# Jeff Senske on 4/1/06



## Emc2 (Oct 29, 2005)

Jeff will be here in Phoenixville on April 1, 2006. We don't have the specific time for the presentation worked out but I assure you that it will not be rushed. Jeff has graciously decided to stay an extra day in order to ensure that he can take his time and answer everyone's questions and not be rushed through the set-up. 

My house is not large. I have room for about 20-25 people. So if your into this and can make that date please e-mail me at erin at dvaga.com and I will add you to the list. 

We are also going to incorporate an auction into this if there is time so bring your trimmings. 


I will add that there was some cost involved with bringing Jeff here. Although the presentation is free, we would appreciate any donations to help cover the cost of bringing Jeff here. 

Erin


----------



## jerseyjay (Jan 25, 2004)

Excellent news Erin !

You can expect Photo / Camcorder Live coverage  Well done !


----------



## Emc2 (Oct 29, 2005)

That would be great. Email me for the address.


----------



## Jason Baliban (Feb 21, 2005)

Jay Luto said:


> Excellent news Erin !
> 
> You can expect Photo / Camcorder Live coverage  Well done !


Thanks Jay!!

Looking forward to meeting you!!

jB


----------



## Emc2 (Oct 29, 2005)

Eleven people have confirmed without taking into account the five people who might come with Jay. If you want to come please let me know as soon as possible.


----------



## jsenske (Mar 15, 2004)

Just wanted to chime in and let everyone know I am really looking forward to this trip/presentation. Erin and I will be discussing the details of the aquascape soon, and we'll keep everyone posted on the plans. I would like to do a composition that uses a variety if techniques, so that a good range is represented and attendeed may have the opportunity to see more in action, as well as shape questions based on the many techniques being shown. 
Can't wait!


----------



## dennis (Mar 1, 2004)

:crybaby: Why does it have to be so far away


----------



## Emc2 (Oct 29, 2005)

Think "roadtrip" Dennis.


----------



## jerseyjay (Jan 25, 2004)

Dennis, 

I looked up mapquest and you have about ~3hr from your place to mine in NJ. If you decide to come (*drag Bailin with you and others!) you can stop by my place (* not far off from T-Pike) check my tank(s) and follow Mike (Momotaro) and myself. From my place we have about ~1.40hr. 

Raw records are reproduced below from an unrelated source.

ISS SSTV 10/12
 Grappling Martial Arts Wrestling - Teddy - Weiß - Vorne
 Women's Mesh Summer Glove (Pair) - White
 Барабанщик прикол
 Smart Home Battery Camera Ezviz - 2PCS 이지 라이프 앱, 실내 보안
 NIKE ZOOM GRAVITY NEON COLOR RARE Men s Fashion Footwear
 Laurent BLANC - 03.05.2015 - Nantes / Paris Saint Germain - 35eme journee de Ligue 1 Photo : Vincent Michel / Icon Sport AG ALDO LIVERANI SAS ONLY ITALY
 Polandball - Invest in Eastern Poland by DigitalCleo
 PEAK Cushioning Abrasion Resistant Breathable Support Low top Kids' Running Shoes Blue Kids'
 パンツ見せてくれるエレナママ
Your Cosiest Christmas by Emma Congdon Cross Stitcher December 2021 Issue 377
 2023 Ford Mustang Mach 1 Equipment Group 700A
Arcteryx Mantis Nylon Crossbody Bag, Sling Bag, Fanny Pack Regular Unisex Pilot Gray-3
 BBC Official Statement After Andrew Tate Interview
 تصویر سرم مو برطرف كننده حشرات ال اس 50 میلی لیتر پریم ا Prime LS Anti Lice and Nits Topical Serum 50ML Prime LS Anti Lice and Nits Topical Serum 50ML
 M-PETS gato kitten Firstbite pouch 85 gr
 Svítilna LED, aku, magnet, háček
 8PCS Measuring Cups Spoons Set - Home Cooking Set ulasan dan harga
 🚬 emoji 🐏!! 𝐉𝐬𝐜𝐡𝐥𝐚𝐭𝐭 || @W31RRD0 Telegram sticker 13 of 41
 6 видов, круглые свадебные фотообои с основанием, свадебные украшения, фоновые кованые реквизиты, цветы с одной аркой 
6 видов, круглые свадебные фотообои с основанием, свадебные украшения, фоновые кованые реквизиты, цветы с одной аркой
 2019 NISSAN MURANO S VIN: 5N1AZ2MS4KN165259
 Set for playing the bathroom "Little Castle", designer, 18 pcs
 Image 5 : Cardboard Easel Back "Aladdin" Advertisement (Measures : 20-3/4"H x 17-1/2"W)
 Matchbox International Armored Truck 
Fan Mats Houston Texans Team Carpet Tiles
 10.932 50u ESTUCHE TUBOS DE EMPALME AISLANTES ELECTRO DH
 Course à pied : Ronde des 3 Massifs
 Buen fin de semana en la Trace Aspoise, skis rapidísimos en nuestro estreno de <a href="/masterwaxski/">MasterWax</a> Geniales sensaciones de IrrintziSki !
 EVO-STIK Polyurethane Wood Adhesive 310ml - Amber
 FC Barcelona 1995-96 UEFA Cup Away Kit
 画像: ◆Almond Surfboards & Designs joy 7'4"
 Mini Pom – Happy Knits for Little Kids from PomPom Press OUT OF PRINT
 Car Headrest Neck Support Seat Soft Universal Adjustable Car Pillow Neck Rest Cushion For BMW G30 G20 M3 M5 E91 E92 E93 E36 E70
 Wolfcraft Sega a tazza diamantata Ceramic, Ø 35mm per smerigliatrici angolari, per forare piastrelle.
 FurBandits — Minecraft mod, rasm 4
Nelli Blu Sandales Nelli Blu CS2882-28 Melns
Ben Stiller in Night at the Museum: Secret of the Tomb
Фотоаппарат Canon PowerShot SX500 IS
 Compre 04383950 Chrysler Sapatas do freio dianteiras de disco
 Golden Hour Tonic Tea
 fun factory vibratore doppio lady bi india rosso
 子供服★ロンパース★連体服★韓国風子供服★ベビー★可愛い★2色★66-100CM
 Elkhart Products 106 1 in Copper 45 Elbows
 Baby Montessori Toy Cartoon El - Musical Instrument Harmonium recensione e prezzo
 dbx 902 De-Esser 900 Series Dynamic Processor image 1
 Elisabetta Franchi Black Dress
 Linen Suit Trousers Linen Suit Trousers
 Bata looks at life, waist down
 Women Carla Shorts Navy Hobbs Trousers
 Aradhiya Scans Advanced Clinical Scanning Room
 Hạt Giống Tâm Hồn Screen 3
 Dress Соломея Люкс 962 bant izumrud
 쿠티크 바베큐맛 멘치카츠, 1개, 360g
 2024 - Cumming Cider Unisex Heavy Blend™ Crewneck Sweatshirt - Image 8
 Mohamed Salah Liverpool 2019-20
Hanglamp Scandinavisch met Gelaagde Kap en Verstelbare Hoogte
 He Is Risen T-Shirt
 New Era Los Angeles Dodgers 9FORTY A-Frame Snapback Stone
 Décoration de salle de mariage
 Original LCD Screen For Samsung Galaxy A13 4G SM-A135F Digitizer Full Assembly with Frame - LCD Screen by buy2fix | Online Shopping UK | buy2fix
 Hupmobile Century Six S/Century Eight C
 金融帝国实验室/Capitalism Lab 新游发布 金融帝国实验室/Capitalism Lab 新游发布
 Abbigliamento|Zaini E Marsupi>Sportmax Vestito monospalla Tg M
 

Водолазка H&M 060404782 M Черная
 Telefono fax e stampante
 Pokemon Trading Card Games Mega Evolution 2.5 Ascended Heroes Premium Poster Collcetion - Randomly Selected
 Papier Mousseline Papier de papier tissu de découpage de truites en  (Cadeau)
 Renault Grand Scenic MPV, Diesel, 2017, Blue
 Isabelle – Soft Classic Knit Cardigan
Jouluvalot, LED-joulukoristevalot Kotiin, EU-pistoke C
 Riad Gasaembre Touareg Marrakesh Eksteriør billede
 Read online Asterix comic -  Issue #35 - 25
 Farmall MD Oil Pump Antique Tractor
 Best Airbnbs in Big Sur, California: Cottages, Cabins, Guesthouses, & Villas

Think about it ! Should be a lot of fun.


----------



## [email protected] (May 12, 2005)

It would be great to meet you Dennis-- try and make it if you can!


----------



## JLudwig (Feb 16, 2004)

Heya gang,

I still plan on coming up this Saturday, I take it I didn't miss a memo or anything? If I didn't, this is everyone's reminder 

Jeff


----------



## Emc2 (Oct 29, 2005)

Jeff, you might have missed the memo.  We sent out an email with directions. Did you get it? If not, let me know and we will shoot one over to you.


----------



## jerseyjay (Jan 25, 2004)

Erin, 

Can you please resend invitation to me - jayluto at hotmail.com


----------



## JLudwig (Feb 16, 2004)

Emc2 said:


> Jeff, you might have missed the memo.  We sent out an email with directions. Did you get it? If not, let me know and we will shoot one over to you.


I have an address and phone number, but no time or directions. You had said you were going to get another head count one week prior I may have missed that email. If you could copy me on the email you send Jay (user jeff at the rockytop.net domain).

Also, if anyone is interested is seeing the Nikon D200 please let me know (Jay?) I wasn't going to bring it since I don't have waterproof luggage for the MC but I think I could sneak the body up in a dry sack I have for backpacking.

Jeff


----------



## Emc2 (Oct 29, 2005)

I'll forward you the email. Jason has the original. If you don't get it tonight please let me know.


----------



## jerseyjay (Jan 25, 2004)

JLudwig said:


> IAlso, if anyone is interested is seeing the Nikon D200 please let me know (Jay?) I wasn't going to bring it since I don't have waterproof luggage for the MC but I think I could sneak the body up in a dry sack I have for backpacking.
> 
> Jeff


Jeff,

What do you mean by waterproof luggage. We are going to be indoor.

PS. I have seen D200 long time ago but bring it ! I will have all my equipment, as always


----------



## shake (Feb 26, 2006)

I wish I lived in the States so I could come. I hope there will be plenty of photos for us people that can't make it.


----------



## Emc2 (Oct 29, 2005)

Judging by the post above I'm betting there will be plenty of coverage. I will be videotaping the entire demonstration also.


----------



## Jason Baliban (Feb 21, 2005)

It seems that the newletter might have been sucked up by a spam filter. Please PM Erin or myself if you have note recieve the newletter and would like to, or still need directions.

We will figure out the spam filter as we go.

Thanks

jB


----------



## JLudwig (Feb 16, 2004)

Jay Luto said:


> Jeff,
> What do you mean by waterproof luggage. We are going to be indoor.


I don't have anywhere waterproof on the motorcycle to stash it should it rain on the way up or back, looks like scatter T-storms  I think the wife may want it for a hike, so we'll see if it makes it out there. I was thinking about this last night, the value of the photo equipment now exceeds the bike... would be trouble if something were to happen 

Jeff


----------